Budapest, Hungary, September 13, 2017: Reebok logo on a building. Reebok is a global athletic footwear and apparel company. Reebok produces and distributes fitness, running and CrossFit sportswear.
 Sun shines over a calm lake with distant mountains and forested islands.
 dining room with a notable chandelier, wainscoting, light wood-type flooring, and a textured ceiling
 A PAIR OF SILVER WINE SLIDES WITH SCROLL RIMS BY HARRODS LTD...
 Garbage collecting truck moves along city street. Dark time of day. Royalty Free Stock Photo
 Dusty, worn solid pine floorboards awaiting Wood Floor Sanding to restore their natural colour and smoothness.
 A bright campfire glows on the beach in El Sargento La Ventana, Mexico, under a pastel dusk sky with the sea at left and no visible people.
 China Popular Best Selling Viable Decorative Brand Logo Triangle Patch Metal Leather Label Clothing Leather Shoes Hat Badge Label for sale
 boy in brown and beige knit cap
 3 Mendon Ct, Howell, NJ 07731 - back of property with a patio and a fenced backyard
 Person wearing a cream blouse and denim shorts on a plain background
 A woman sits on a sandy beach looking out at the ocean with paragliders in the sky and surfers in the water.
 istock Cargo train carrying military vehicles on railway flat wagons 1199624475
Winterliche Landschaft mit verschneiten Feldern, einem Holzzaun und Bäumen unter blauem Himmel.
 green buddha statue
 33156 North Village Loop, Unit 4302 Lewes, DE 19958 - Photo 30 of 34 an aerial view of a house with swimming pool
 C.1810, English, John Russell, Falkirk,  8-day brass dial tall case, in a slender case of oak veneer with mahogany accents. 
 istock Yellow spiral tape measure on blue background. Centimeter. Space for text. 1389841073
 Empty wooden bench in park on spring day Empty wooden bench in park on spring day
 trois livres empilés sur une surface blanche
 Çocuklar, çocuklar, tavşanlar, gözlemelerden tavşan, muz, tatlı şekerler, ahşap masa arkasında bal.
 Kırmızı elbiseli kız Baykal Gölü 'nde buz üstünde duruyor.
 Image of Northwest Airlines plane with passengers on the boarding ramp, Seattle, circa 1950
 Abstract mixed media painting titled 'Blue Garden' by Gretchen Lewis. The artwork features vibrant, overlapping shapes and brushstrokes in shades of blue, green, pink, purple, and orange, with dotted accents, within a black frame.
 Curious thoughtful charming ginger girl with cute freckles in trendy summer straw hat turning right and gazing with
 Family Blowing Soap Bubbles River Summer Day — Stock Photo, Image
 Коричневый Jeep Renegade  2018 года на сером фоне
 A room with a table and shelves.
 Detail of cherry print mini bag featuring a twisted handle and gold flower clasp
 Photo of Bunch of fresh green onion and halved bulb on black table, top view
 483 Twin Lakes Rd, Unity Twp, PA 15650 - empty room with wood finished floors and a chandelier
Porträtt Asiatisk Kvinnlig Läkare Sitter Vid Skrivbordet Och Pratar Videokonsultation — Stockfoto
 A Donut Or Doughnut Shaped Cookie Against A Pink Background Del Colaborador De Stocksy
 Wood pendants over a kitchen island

Goal of the exercise:
Retype only the lines above between the line with "green buddha statue" and the line with "C.1810, English, John", counting those two lines as well, and keep every character as it is.

Written response:
 green buddha statue
 33156 North Village Loop, Unit 4302 Lewes, DE 19958 - Photo 30 of 34 an aerial view of a house with swimming pool
 C.1810, English, John Russell, Falkirk,  8-day brass dial tall case, in a slender case of oak veneer with mahogany accents. 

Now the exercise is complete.